This past week was my anniversary. I’ve been married to the rancher’s son now for fourteen years, and finally, finally, this year I was deemed “big girl” enough to handle working the shoots alone for branding. Okay, they were short men, and desperate—they had no other choice but to recruit me. So, of course, my father-in-law gives me one last pep talk before I jumped the fence to join the myriad of calves in the holding pen, bawling for their mammas.
“Keep yourself pressed to their hip,” he tells me. “If you don’t, it’ll hurt when they kick.”
I don’t know about you, but that was warning enough for me. I kept myself right against their backside, no matter how much they peed and pooped.
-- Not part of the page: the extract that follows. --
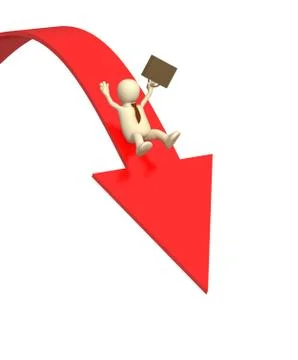 Bankruptcy Stock Illustration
Yes, pumpkins, I had some smelly stains from the waist down by the time we finished, but not one of those calves was able to kick me very hard.
This moment got me to thinking, as most moments in my life do, the importance of obedience. We are surrounded by dos and don’ts, both in civil laws and spiritual ones. Sometimes the consequence, like working with the calves, is easy to see if you don’t obey. Same thing if you get caught speeding—expect a ticket. It’s when the consequence isn’t immediately understood that we usually struggle to follow, or question why it’s a rule at all. And there’s your mistake. It doesn’t matter what the consequence will be or even when it will happen. If you choose not to obey, in some form or another, you will have to pay for that choice.